The Snowflake Diadem for the Queen of Canada

Today’s post is dedicated to HM Queen Elizabeth II, who turns 89 today! Although her official birthday is not celebrated until June at Trooping the Colour, I thought I would introduce my readers to a little-known royal head ornament for the Queen of Canada: the Snowflake Diadem.

The Snowflake Diadem on medals and in the stained glass window

The snowflake diadem was designed in 2008 and approved by the Queen. It features alternating stellar dendrite snowflakes and stylised maple leaves (designed by Jacques Saint Cyr in the 1960’s based on the red maple leaf) atop triangular arches. Symbolising her status as Queen of Canada, the diadem does not exist physically (it’s imaginary!). (So for the Canadians who are strongly opposed to the monarchy, you needn’t worry that our taxes went towards the creation of a new crown and is hiding in the Tower of London with the rest of the crown jewels.) In fact, it exists only as a design, featured in the Diamond Jubilee [stained glass] Window at Parliament Hill (to be exact, ‘above the Senate entrance to the Centre Block) in Ottawa, on the Sacrifice Medal (a medal created in 2008 for a member of the Canadian or allied forces wounded or killed in action), and on the Operational Service Medal (a medal created in 2010 for Canadian or allied forces, as well as Canadian police officers, for their services in peacekeeping or other military campaigns). I had trouble finding out who the designer(s) is/are, so I am going to assume that the designers of the stained glass window, Christopher Goodman and Angela Zissoff from Kelowna, British Columbia, also designed the diadem. During her recent royal tour of Canada in 2010, the Queen saw and approved the model for the stained glass window, which was a gift to her on the occasion of her Diamond Jubilee in 2012.

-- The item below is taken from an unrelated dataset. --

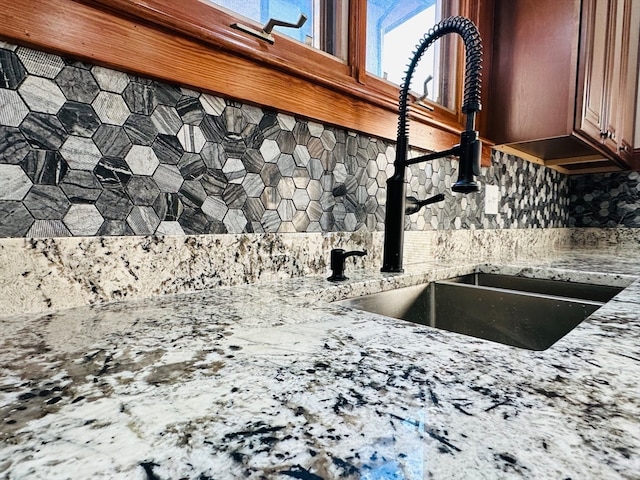 interior details featuring tasteful backsplash, light stone counters, and sink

To have a better idea of what the snowflake diadem could look like materially, let’s have a closer look at the diadem on the OSM medal in hi-resolution. The triangular arches and band are lined with round cut diamonds, much like the 1915 Belle Epoque ruby and diamond necklace/tiara. Each arch has nine diamonds. The profile view shows three maple leaves and two snowflakes. Given the maple leaf in the front and back, we can assume that the opposite side also features two snowflakes and one maple leaf. Unlike the diamond Maple Leaf Brooch (gifted to the Queen Mother by her husband ahead of their royal tour of Canada in 1939), the leaves’ edges and veins seem to be plated (in platinum?). To create the brilliance of the maple leaves, I am guessing that the leaf blade would be filled with several small cushion-cut diamonds, similar to the diamond leaves in the Danish Ruby Parure Tiara. As for the snowflakes, my guess is that the outline is lined with tiny round- or baguette-cut diamonds, with a bigger round diamond in the centre. (Clearly, I am no jewellery expert so do not take my word for this!) Since it is to be a Canadian diadem, it must be made from Canadian-mined diamonds, of course. When the Duke and Duchess of Cambridge came to Canada in 2011, they were gifted Harry Winston diamond polar bear cufflinks and a brooch from the Diavik Mine in the Northwest Territories. (As you may or may not know, the American luxury brand, Harry Winston, had been in Canadian hands from 2004/6 to 2013.) According to Robert Gannicott, the Chairman and CEO of Harry Winston, Canadian diamonds are ‘largely brighter and glassier than African diamonds.’ Furthermore, those who purchase Canadian diamonds can be reassured that these are not tainted by conflict-zones. It would be likely that the diamonds for the snowflake diadem would come from either the Diavik or Ekati Mines. As for the craftsmanship – now that Harry Winston is in Swiss hands – I’m afraid I can’t think of a Canadian-owned luxury brand at the moment. 🙁

So there you go. The imaginary diadem that could be!